As he grew up, however, Charles felt a gulf open up between them. It was partly a matter of physical separation – after Cambridge, Charles spent a lot of time away in the navy – but also a more fundamental lack of communication on a personal level. On a superficial level their relationship was free and easy but the Queen, a reserved woman, did not find it easy to talk about anything more serious and intimate.
Her biographer Sarah Bradford wrote that she would sometimes complain that her children “never talked to her”, seemingly not realising that the initiative could lie with her.
When Anne as a young woman had a number of brushes with the media, including the occasion when she told two reporters from the Daily Mirror to “piss off”, a courtier suggested to the Queen that she ought to talk to her daughter about her language. She replied gloomily: “I suppose it’ll have to be me that does it.”
There was a 10-year gap between her first two children and her last two, and when Prince Andrew and Prince Edward were born the Queen took time off to be more closely involved with their upbringing. By then she seemed to be relaxed around her children. “She was a less natural mother with Charles and Anne,” one helper suggested, “whereas she was much more the besotted parent with Andrew and Edward.”

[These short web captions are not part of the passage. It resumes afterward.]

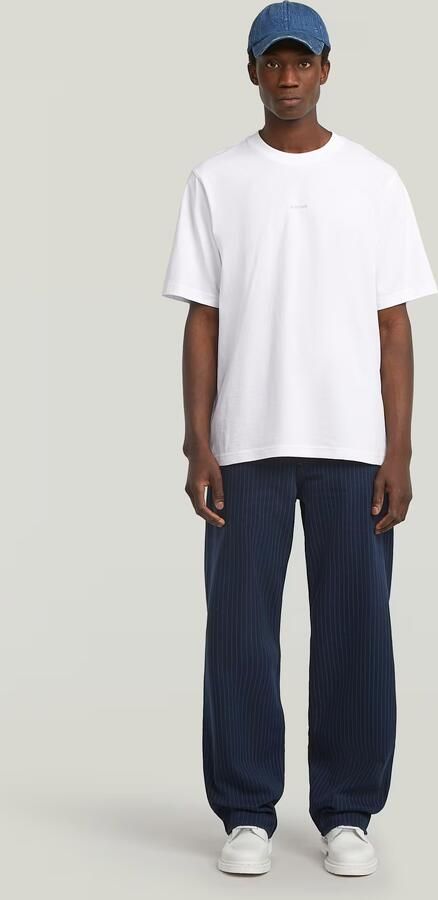 G-Star RAW Modson Straight Chino Anders Heren - Foto 6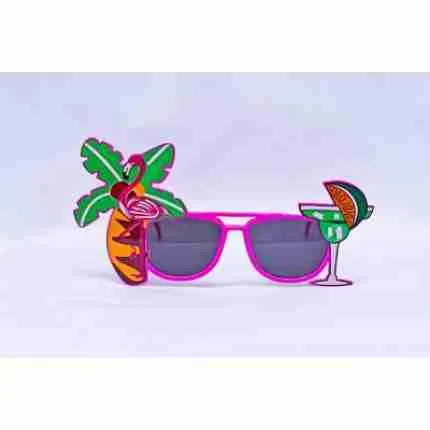 King's Coronation Party Sunglasses Offer - Wowcher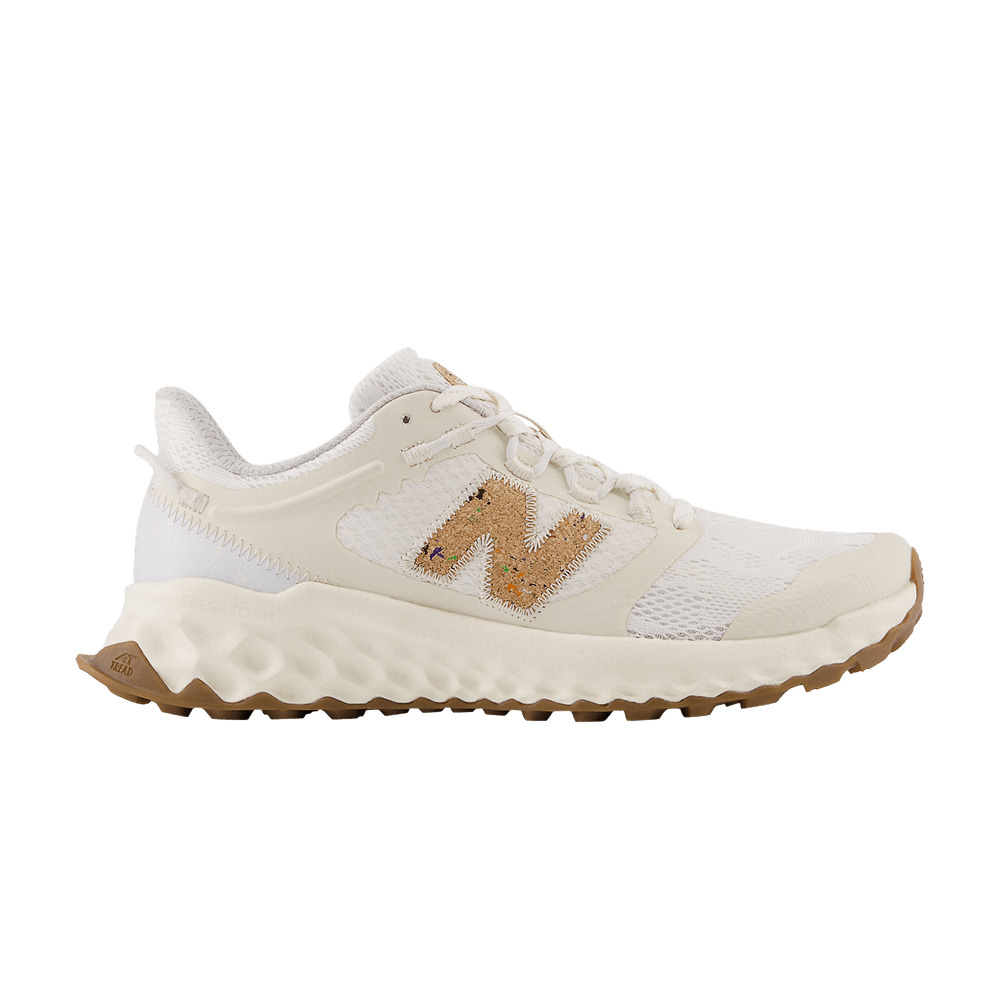Wmns Fresh Foam Garoé 'Sea Salt Cork' - 1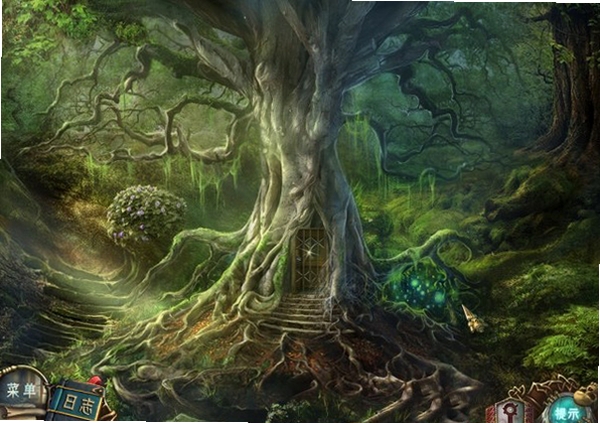 阿扎达:魔幻之书 解谜 特色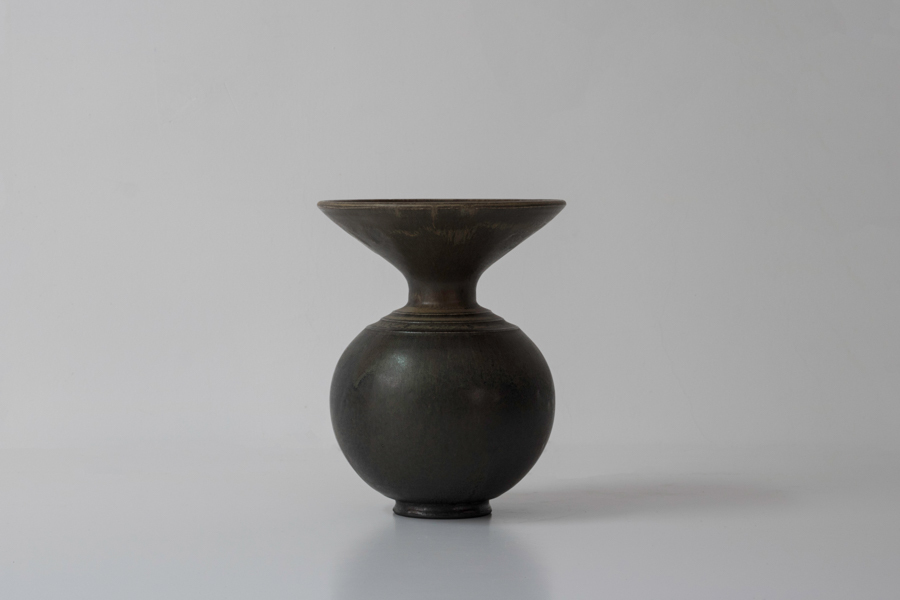 +g 生形由香-花器 Ｃ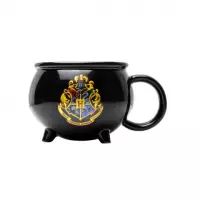 1. Kubek 3D Harry Potter - Kociołek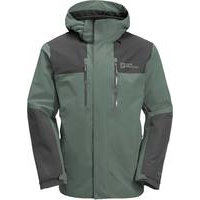 Jack Wolfskin Men's Jasper 2L Jacket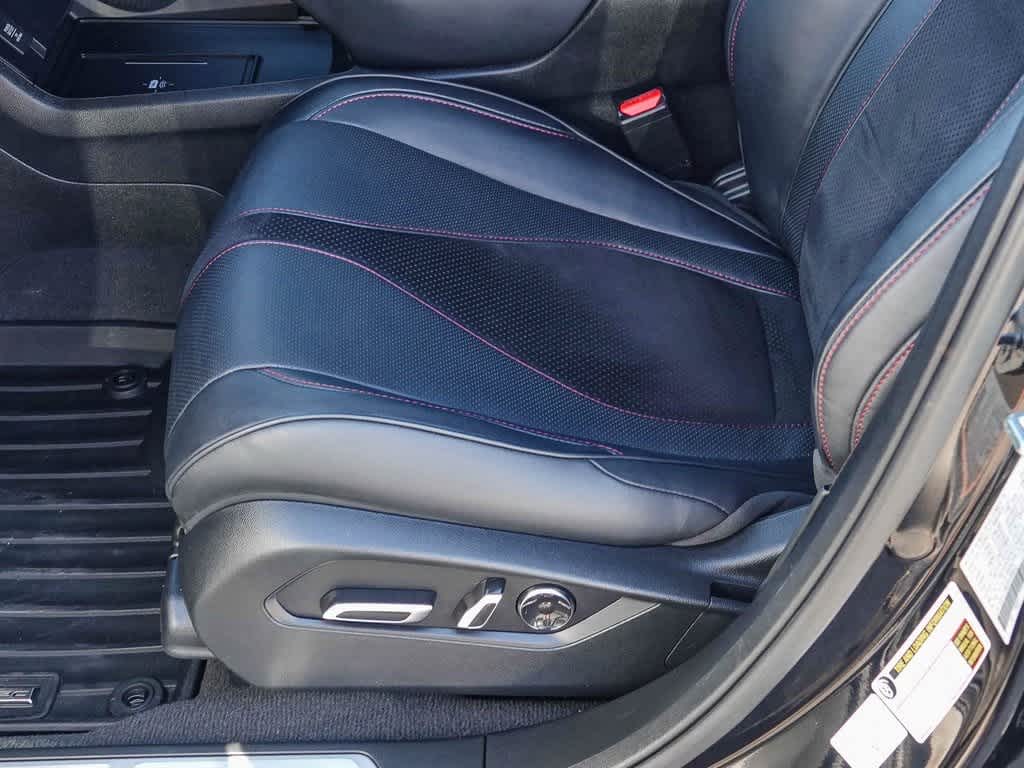 2023 Acura RDX A-SPEC Package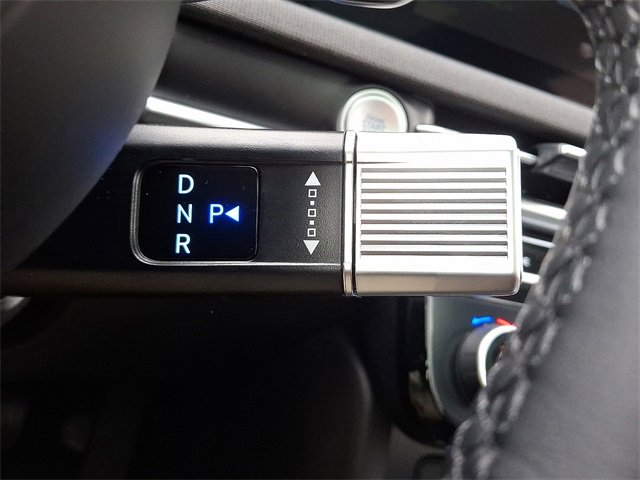 New 2026 Hyundai Tucson Limited image 8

The legacy of the Queen’s relationship with her eldest son continued to have repercussions for years to come.
When Charles was setting up the Prince’s Trust, he resented attempts by the palace to rein in his enthusiasm. Later, when his marriage to Princess Diana was collapsing, he felt unable to turn to his parents to discuss what Dimbleby called “the misery of his private life”. His biographer, with Charles’s implicit approval, wrote: “The emotional gulf between the prince and his parents was hard to bridge, while communication between them was normally limited to the exchange of social pleasantries and the formal business of family enterprise. In the family, only his grandmother seemed able to give him the understanding and support for which he had always turned to her.”
Whether all this was exaggerated – not least in an attempt to excuse Charles’s return to his mistress, Camilla – is arguable: and there are some writers, including Brandreth, who believe that the Queen and Philip were better parents than Charles gives them credit for. Either way, his public portrayal of their perceived failings was received badly by the family. Anne, Andrew and Edward were outraged, and told him so. The Queen put a brave face on it, but those close to her say she was deeply wounded.
In the view of some friends, if the Queen had a fault as a parent it was being too tolerant, while Philip was too tough, particularly on Charles. She also had a tendency to avoid confrontation. But there were times when it could not be avoided, and when the situation demanded it she could prove surprisingly tough with her children. It has been claimed that Andrew is her favourite child, a possibly flimsy assertion, but when he sabotaged his already tarnished reputation with a disastrous interview about the Jeffrey Epstein scandal, she wasted little time in deciding that he had to step down from public duties. On that she may have been encouraged by Charles, but the final decision was hers.
It was the reiteration of a theme that has run through her adult life: she loved her family, but the institution of the monarchy came first.